Así, desde el nacimiento hasta la muerte, la locura nos presta invaluables servicios o, mejor aún, es gracias a ella que resistimos la vida sin volvernos locos. ¿Qué pasa entonces con los alienistas?, ¿a quiénes persiguen con sus manicomios? No a los locos, sino a los que viven desordenadamente las etapas de la locura, pues lo que prohíben, lo que vigilan es, por lo visto, padecer la locura a destiempo y de manera exagerada. La salud es la secuencia oficial de la locura vivida dentro de la moderación o, dicho de manera más clara, la salud es la normalidad: la norma que se establece de acuerdo con los criterios de la estadística, el parámetro donde incide la mayoría.
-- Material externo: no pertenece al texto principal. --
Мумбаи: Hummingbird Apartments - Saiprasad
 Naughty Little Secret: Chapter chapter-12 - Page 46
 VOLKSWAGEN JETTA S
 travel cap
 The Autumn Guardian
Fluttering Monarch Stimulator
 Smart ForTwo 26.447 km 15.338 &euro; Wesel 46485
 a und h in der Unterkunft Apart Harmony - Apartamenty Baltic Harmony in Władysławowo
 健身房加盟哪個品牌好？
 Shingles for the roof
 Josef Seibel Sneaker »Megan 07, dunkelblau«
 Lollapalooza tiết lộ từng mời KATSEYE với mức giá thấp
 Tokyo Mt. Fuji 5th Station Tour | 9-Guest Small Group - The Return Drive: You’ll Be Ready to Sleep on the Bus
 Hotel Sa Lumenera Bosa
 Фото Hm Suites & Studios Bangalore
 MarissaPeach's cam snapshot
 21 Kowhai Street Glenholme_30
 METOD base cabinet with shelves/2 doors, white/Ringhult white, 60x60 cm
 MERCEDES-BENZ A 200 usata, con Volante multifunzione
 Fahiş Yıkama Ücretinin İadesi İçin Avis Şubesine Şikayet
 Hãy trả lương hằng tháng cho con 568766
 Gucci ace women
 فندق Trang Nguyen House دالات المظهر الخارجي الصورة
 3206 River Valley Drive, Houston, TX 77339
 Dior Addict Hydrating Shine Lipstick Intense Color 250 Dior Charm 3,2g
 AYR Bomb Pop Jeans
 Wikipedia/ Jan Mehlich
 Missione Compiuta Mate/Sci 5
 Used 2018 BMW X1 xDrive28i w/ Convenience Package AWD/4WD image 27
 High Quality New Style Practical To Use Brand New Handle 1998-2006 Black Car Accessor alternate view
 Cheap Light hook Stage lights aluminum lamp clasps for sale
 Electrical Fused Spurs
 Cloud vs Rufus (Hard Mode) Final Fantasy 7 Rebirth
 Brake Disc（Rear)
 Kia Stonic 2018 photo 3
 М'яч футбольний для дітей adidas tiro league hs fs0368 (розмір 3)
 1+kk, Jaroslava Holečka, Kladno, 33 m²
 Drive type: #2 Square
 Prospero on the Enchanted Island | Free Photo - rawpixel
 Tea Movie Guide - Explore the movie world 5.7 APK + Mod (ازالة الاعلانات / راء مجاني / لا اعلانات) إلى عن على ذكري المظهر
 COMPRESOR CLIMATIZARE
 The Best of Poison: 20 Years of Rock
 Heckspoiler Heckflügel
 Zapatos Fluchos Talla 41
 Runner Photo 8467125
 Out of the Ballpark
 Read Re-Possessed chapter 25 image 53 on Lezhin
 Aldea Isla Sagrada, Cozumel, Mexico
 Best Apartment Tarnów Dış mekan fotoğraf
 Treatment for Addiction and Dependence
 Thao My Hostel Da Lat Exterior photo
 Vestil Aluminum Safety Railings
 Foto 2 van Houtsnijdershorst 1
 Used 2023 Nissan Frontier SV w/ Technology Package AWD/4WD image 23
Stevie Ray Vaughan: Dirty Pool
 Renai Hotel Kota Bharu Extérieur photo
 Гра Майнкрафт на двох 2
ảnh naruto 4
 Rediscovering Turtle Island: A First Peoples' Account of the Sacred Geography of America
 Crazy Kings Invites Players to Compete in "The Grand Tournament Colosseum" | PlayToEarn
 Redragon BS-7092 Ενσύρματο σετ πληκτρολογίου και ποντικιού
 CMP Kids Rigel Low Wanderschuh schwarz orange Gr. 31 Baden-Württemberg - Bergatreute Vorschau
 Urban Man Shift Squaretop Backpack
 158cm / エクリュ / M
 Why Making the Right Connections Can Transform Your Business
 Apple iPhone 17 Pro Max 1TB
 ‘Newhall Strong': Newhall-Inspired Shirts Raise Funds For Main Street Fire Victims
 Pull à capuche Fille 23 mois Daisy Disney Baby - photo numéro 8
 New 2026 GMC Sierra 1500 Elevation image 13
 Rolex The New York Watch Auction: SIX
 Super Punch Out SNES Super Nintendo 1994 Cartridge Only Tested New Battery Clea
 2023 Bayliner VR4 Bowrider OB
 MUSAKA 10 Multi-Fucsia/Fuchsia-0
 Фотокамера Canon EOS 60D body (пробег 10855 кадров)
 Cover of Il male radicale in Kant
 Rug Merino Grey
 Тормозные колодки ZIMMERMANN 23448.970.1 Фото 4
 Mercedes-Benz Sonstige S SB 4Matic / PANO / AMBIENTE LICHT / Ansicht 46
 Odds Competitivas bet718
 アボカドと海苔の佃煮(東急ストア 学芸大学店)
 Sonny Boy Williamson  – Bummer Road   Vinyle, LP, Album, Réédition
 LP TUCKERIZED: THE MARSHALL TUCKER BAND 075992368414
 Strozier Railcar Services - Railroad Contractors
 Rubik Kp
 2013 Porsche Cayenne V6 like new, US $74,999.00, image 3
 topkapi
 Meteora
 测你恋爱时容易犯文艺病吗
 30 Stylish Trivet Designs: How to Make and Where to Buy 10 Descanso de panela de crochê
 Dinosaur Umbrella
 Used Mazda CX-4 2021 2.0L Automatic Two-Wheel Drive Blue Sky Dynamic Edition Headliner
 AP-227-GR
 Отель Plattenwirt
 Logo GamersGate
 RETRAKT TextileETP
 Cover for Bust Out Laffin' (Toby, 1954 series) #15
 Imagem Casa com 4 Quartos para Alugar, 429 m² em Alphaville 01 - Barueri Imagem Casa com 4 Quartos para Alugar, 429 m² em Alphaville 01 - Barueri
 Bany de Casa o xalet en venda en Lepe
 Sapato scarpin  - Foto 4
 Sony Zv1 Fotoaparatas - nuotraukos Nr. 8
Es tranquilizador saber que uno puede estar loco, si está tan loco como los demás. Pero también es angustiante descubrir que lo irreductible de la individualidad, nuestro aspecto más propio y exclusivo, es insania.
Nuevamente, pero ahora con disfraz científico, emerge la cachiporra que persigue al diferente: el diferente es el enemigo. Todos contra la minoría. Heráclito se mantiene perfectamente vivo: los perros siguen ladrando a lo que no conocen. La más feroz de las locuras es la locura de los psiquiatras.